Of particular interest is the COG analysis where all genomes were divided into a pathogenic and a non-pathogenic group. Virulence genes are not a separate COG category, but from the comparison of the core genomes of the pathogenic group with that of the non-pathogenic group, we can hypothesize that genes belonging to COG categories M (cell wall/membrane biosynthesis) and O (post-translational modification, chaperones) would mostly contribute to virulence. Conversely, it could be assumed that genes highly overrepresented in the core genome of the non-pathogenic group (compared to the core genome of the pathogenic group) most likely contribute to their probiotic or fermentative lifestyle. We observe enrichment for genes belonging to COG class J (translation, ribosomal structure and biogenesis) and again O (post-translational modification and chaperones). The finding that core genes of the non-pathogenic isolates are more frequently information storage genes and less likely metabolic genes than the core genes of pathogens is counter-intuitive.
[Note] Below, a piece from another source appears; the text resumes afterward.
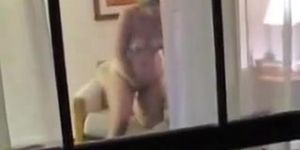 Naked mature woman voyeured masturbating through window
It is generally accepted that commensals and probiotic strains are most adequately equipped to live in the intestine, which would assume they share a large number of (conserved) metabolic genes to do so. Instead, the reduced metabolism gene fraction in their core genome suggests that there is a large variation within these genes, which reflects the diversity of the various commensals, fermentative and probiotic isolates. The vast enrichment for information/storage genes in the core genome of the non-pathogenic organisms is possibly a reflection of the relative poor conservation of all other functional classes in this group, an effect that appears to be less pronounced in the (ecologically more diverse) pathogenic group. The fact that Bifidobacterium are not present in the pathogenic group may have skewed these results slightly. A more accurate prediction for conserved genes with an important role in bacteria with a non-pathogenic lifestyle may become possible in the future, when more non-pathogenic Enterococcus genomes become available, which allows comparison of gene content within a genus or even species.